In this section, the proposed adaptation methods are implemented to adapt the trained MDNN in the previous subsection on Large FARSDAT. Performing the nonlinear normalization method required frame-level transcription. Thus, the optimal phonetic transcription that was achieved in the previous section was implemented. Then, nonlinear normalization was performed as it was indicated in Sect. 5. In order to perform the model-based adaptation method, since the training speakers in this dataset are fewer than those of FARSDAT, a speaker recognition network with fewer neurons was used. The output layer of this network had 96 neurons, and its top most hidden layer had 256 neurons. Table 8 shows the results obtained by performing these adaptation methods on Large FARSDAT. As it is illustrated in this table, the nonlinear normalization method can not greatly increase the phoneme recognition rate of the MDNN. This may be due to the sensibility of this method to recognition results of the speech recognition network. Therefore, the method becomes inappropriate for not accurately phonetic transcribed datasets. However, the model adaptation method improves MDNN performance by 1 %.

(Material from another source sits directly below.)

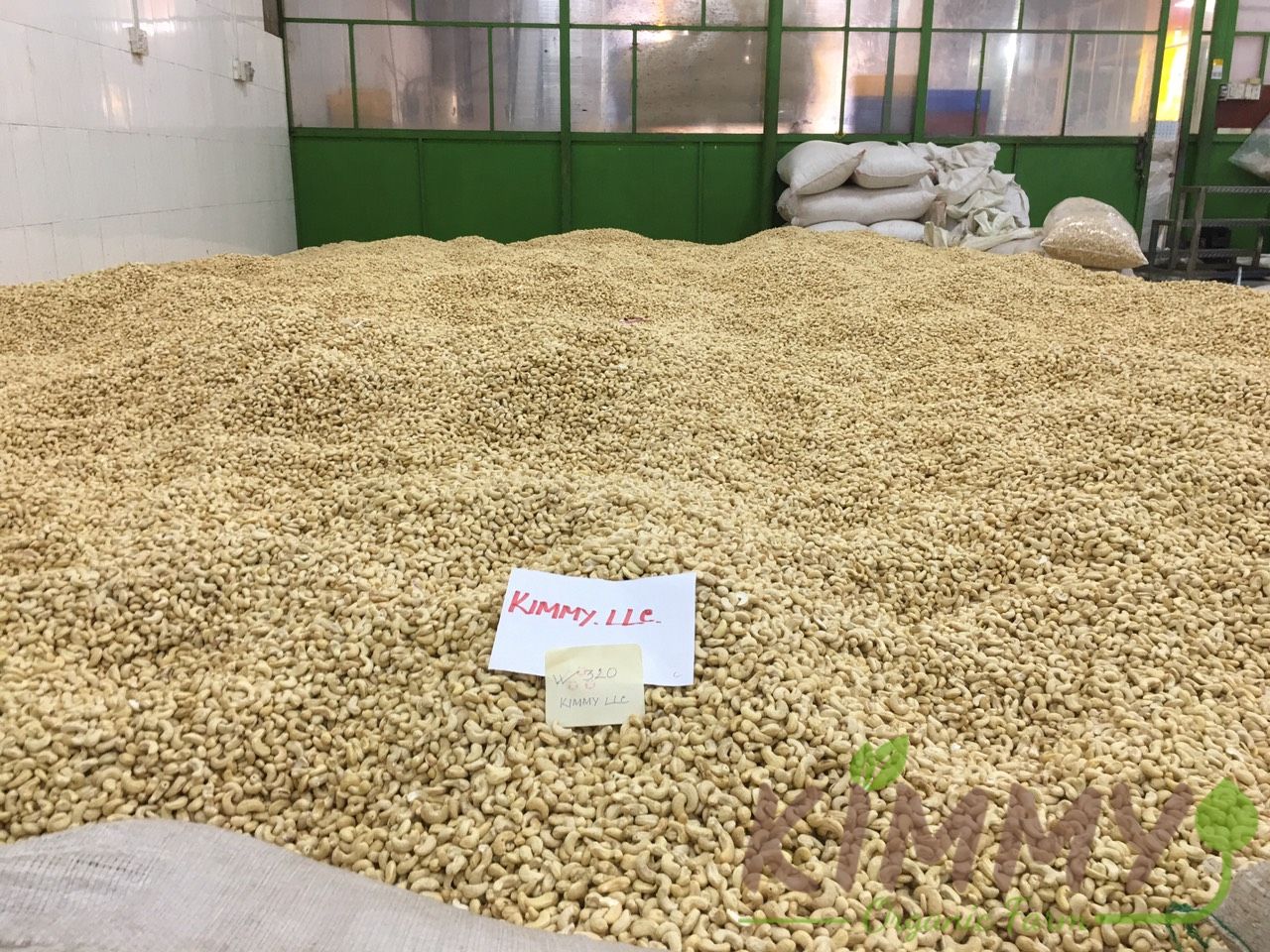 Vietnam W320 Cashew Nut White Whole Cashews High-Quality Ready For Export - Raw image of W320 From Our Cashew Factory!-6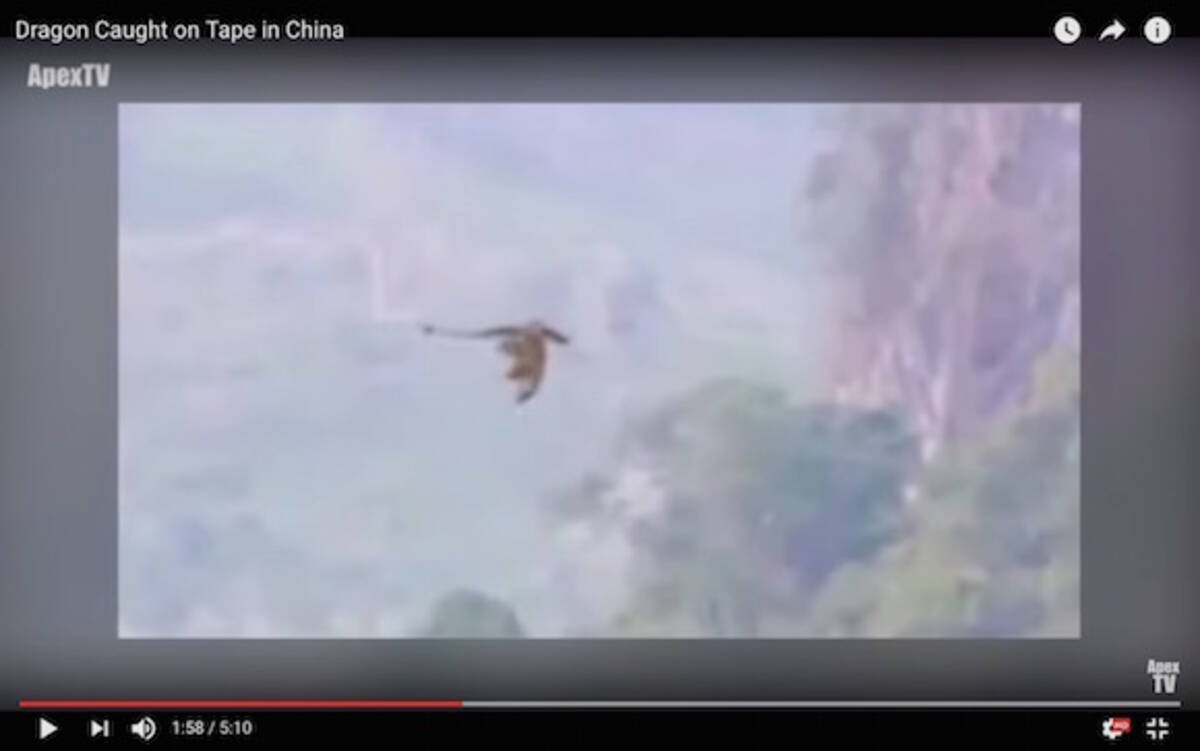 新種か 中国の山奥でドラゴンのような未確認生物が撮影される 16年10月24日 エキサイトニュース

Table 8 Performance of the proposed speaker adaptation methods implemented on trained MDNN with DST structure on Large FARSDAT

7 Conclusions

In this article, a growing modular deep neural network for continuous speech recognition is proposed. The special structure of this network and the suggested pre-training procedure for that, make it efficient for both aspects of speech recognition accuracy and training cost. By expanding this network into a double spatiotemporal architecture, it can be trained sequentially to learn the phonetic sequences subspace. Therefore, this sequentially trained network improves the recognition accuracy. As far as we know, it is the first time that both sequential and acoustic information are trained to an integrated network. Afterward, to improve the recognition performance of the proposed network, two speaker adaptation methods motivated by a special mode of signal processing in the human brain are proposed. The first method relies on nonlinear normalization of speech representations iteratively. In the second method, the phone recognition model adapts its decision regions based on the information extracted from a separate speaker recognition model. The proposed MDNN structure and the strategies proposed for developing it are examined on two Persian speech datasets: FARSDAT with frame-level phonetic transcription and Large FARSDAT without that. Since there is no frame-level phonetic transcription for Large FARSDAT, a semi-supervised learning algorithm is suggested to train the MDNN and its extended structure on this dataset. Experimental results have shown that all of the developmental strategies are effective for a continuous speech recognition task on both FARSDAT and Large FARSDAT.

In future works, we would like to develop the deep modular neural network such that it can recognize syllables and words in an integrative manner when it moves on the speech signal. Due to the complexities that these speech units have, besides growing the network, some additive modules that feed the grown network with useful information seems to be required. Moreover, it appears that in the second adaptation method, speech recognition network also has an influence on the speaker recognition results. So, for future works, there can be a modification in this method that strongly will have a significant effect on speech recognition accuracy.